▸ Exercise brief:
In the records below, the line that contains "this 852×524 image." marks the start. Copy it and each line after it through the end, exactly, without pictures.
BEGIN
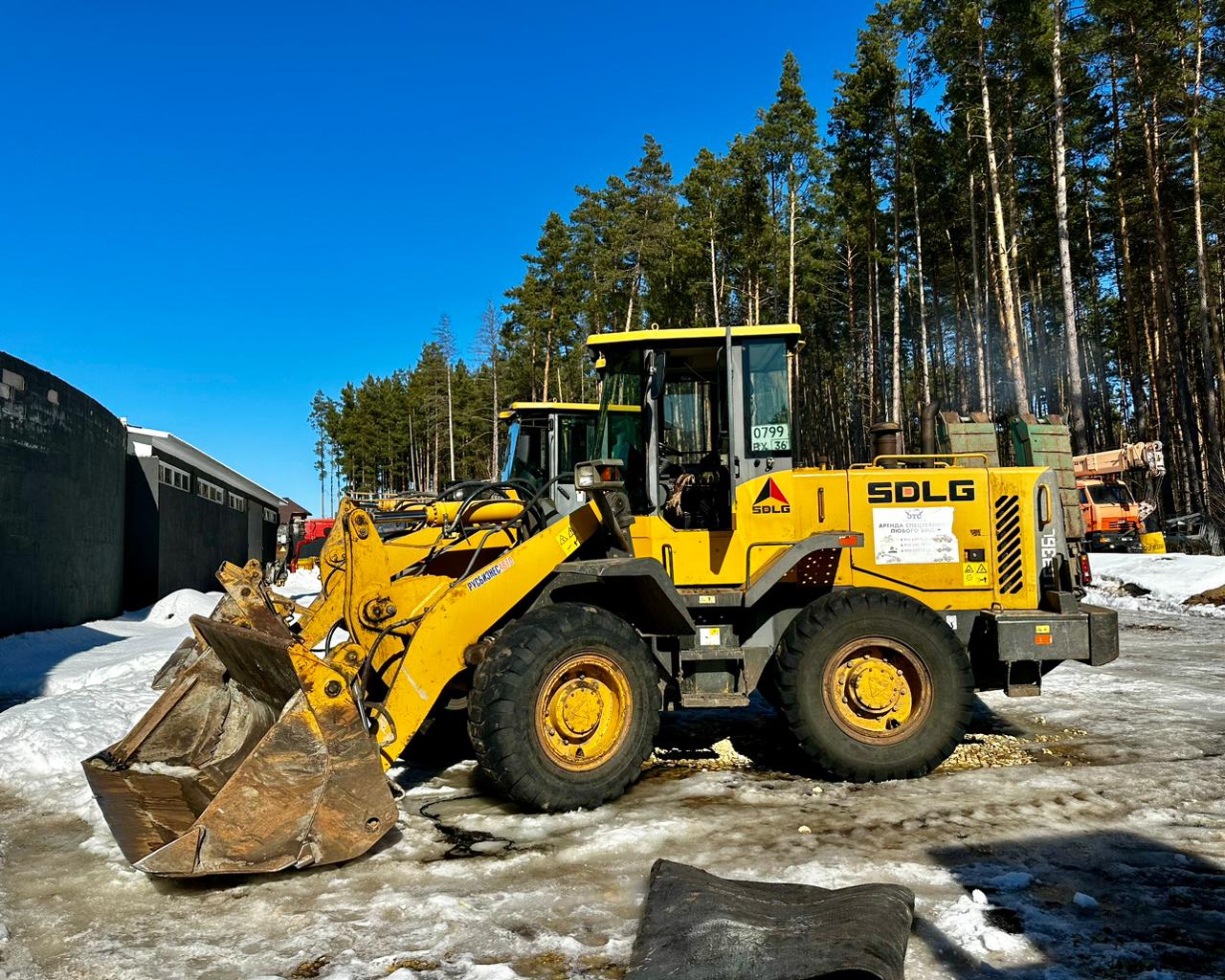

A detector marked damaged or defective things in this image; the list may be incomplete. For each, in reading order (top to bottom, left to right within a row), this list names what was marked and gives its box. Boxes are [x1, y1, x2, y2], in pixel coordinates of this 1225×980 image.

rusty bucket surface [81, 617, 394, 877]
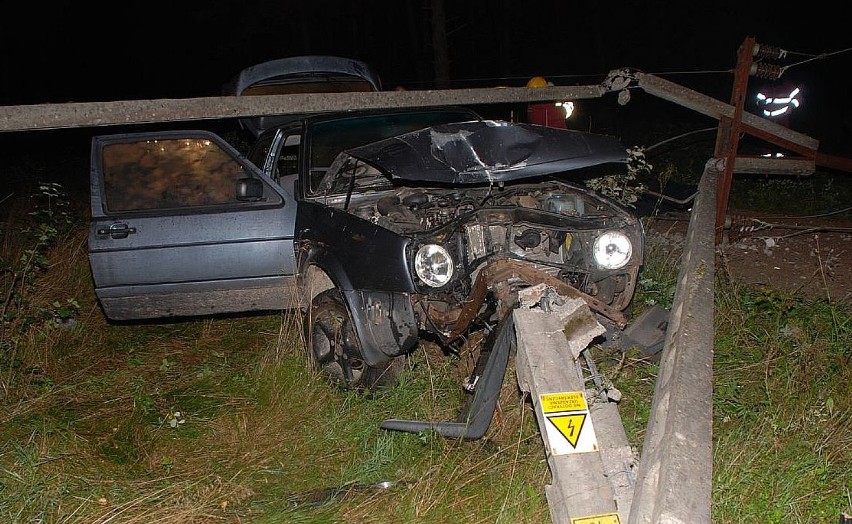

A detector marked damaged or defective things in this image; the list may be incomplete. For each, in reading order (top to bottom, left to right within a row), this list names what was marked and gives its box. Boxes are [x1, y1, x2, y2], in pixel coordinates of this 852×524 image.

crumpled hood [342, 118, 628, 184]
rusty metal pole [716, 35, 756, 245]
wrecked car [88, 106, 644, 438]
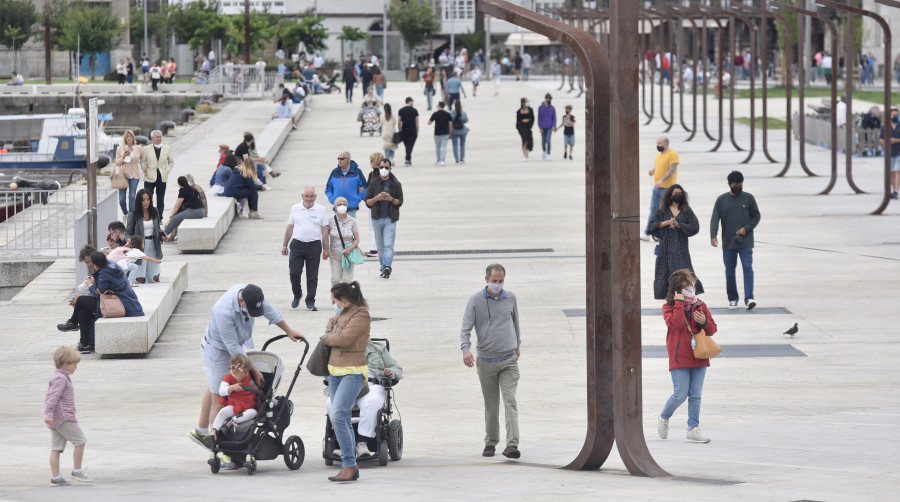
END
▸ Written reply:
A detector marked damaged or defective things in this image; the list may be incomplete. For each, in reading order (top to bottom, left to right within a row), this list names what was marked and gives its box. Boxes are [x1, y1, x2, y2], in pixel coordinates of this 852×524 image.

crumpled hood [342, 118, 628, 184]
rusty metal pole [716, 35, 756, 245]
wrecked car [88, 106, 644, 438]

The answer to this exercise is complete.